Monday, April 18, 2011

French Macarons

Have you had the pleasure? I hadn't, until this past weekend. A trip home brought me back to a cozy, fully-stocked kitchen, a trusty baking partner, and an open afternoon. I'll take it.

We might have made our default chocolate chip cookies had I not still been tinged by the afterglow of my recent coup des croissants. An affinity for recipes of the finicky French kind sprung from that experience, and I was ready for the next challenge. Macarons had, for quite some time, a definite mystique. I knew what they looked like, and I knew what they had to offer: a creamy filling harnessed by two light, airy cookies. I did not know how the exquisite sandwiches came to be, and to be honest, I wasn't entirely sold on such a textural combination. All we could do was follow the recipe, step by step. And so we began.
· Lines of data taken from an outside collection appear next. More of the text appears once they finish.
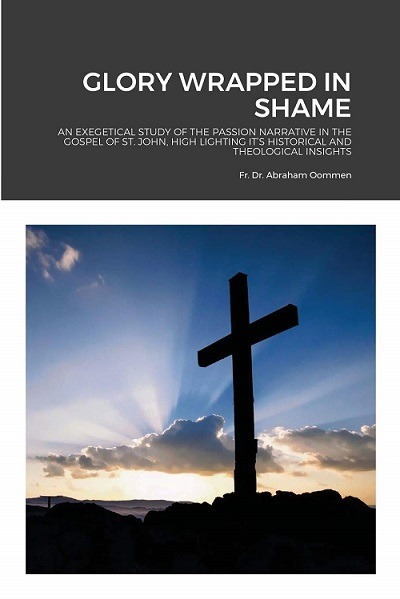 New Book “Glory Wrapped in Shame” by Fr Dr Abraham Oommen Now Available Worldwide 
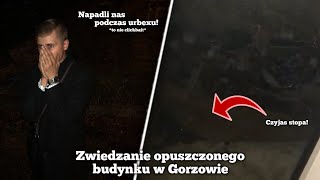 ZWIEDZANIE OPUSZCZONEGO DOMU W GORZOWIE! *napadli nas*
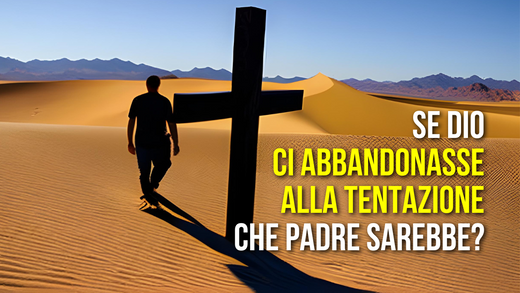 Dio mio, davvero puoi abbandonarmi nella tentazione?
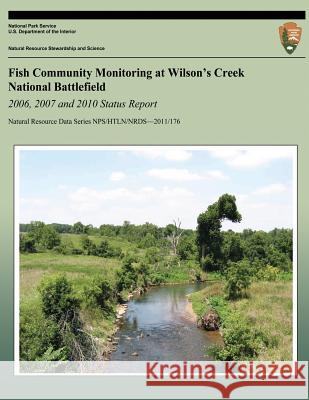 Fish Community Monitoring at Wilson's Creek National Battlefield- 2006, 2007 and 2010 Status Report Hope R. Dodd E. Bowles S. K. Mueller 9781493693436 Createspace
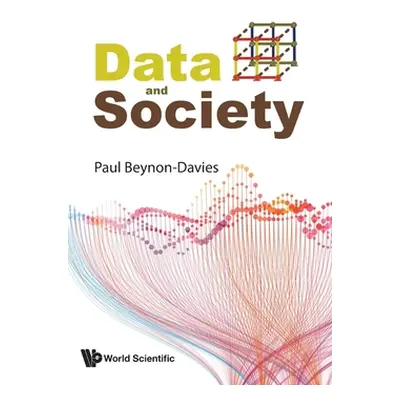 "Data and Society" - "" ("Beynon-Davies Paul")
Did you know that powdered almonds are the "flour" of macarons? Yep. Our recipe called for whole blanched almonds that were to be pulverized in a food processor. We had whole almonds, but not blanched. We had no food processor, but an adorably tiny coffee grinder. Now, take pause here, because this was an incredible breakthrough for my mom and me. We learned that we could blanch our own almonds by pouring boiling water over them, then waiting a minute before slipping off the seedcoat. (We also learned that we don't need no stinking food processor.) With a spark of ingenuity and mutual enthusiasm, we powdered those almonds.
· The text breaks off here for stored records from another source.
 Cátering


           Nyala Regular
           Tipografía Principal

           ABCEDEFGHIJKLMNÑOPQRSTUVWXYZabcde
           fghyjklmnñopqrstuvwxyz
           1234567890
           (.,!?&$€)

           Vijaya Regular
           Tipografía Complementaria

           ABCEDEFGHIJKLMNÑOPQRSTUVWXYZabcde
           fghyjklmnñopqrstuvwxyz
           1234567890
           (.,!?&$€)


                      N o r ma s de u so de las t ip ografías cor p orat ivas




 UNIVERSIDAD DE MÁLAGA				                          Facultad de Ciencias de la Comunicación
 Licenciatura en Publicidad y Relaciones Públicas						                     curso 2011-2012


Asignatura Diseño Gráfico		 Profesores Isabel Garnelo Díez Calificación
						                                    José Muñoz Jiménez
After that we were running on what I dare describe as la cocaïne de le chef Francais: a high only achieved by the knowledge that you've done more than purchase and combine ingredients - that you have, in fact, made your ingredients!

All right, I've had my say. Now feast your eyes on the rest of this confectionary venture, because it's just as beautiful and fascinating as the onset.

With macarons now demystified, I can attest to the gustatory trip these petit sandwiches promise. The coalescence of crispy, chewy, and creamy is ethereal, and impossible to meet with your eyes open.

Saturday, April 2, 2011

Enchanté, croissant

I did it! J'ai fait mes premiers croissants. And if I do say so myself (well who am I kidding, this entire blog is me saying so myself), they turned out très magnifiques et exquis. But I had my misgivings.

When I approached this project, croissants were, to me, formidable but friendly. I knew the process was long and exacting, but the product was so simple and thoroughly pleasant. I dove in knowing full well this may not work out, even if I adhered most strictly to the directions. I buffered this potential blow with a light musing that perhaps one must be French to craft a truly superb croissant.

Not so.
Cake flour, hot milk, warm cream, and sugar make croissant dough what it is. But only one ingredient can create those flaky layers...

Do NOT spread butter on a croissant. It's built in.

Fold like a letter. (By the way, it shouldn't look like this. In my eagerness to begin the hallmark folding of croissant dough, I forgot to roll out the first layer. Oops.)

Fold like a book.
Freehand triangles for croissants with character
A light egg wash

Behold, le croissant. According to my bread book, Parisians like their croissants a deep brown, almost burned.
I think I'd make a fine Parisian.

Croissants probably shouldn't be made when one is craving croissants. The tedium of preparing the butter and kneading, rolling, folding, cutting, and shaping the dough would be frustrating to someone seeking instant gratification; then add the hours of cooling, rising, chilling, rising, resting, baking, shuffling, baking. The process is high-maintenance and long-winded, and it mustn't be cut short. Take it on when you have plenty of time and a scrupulous passion for every part of it.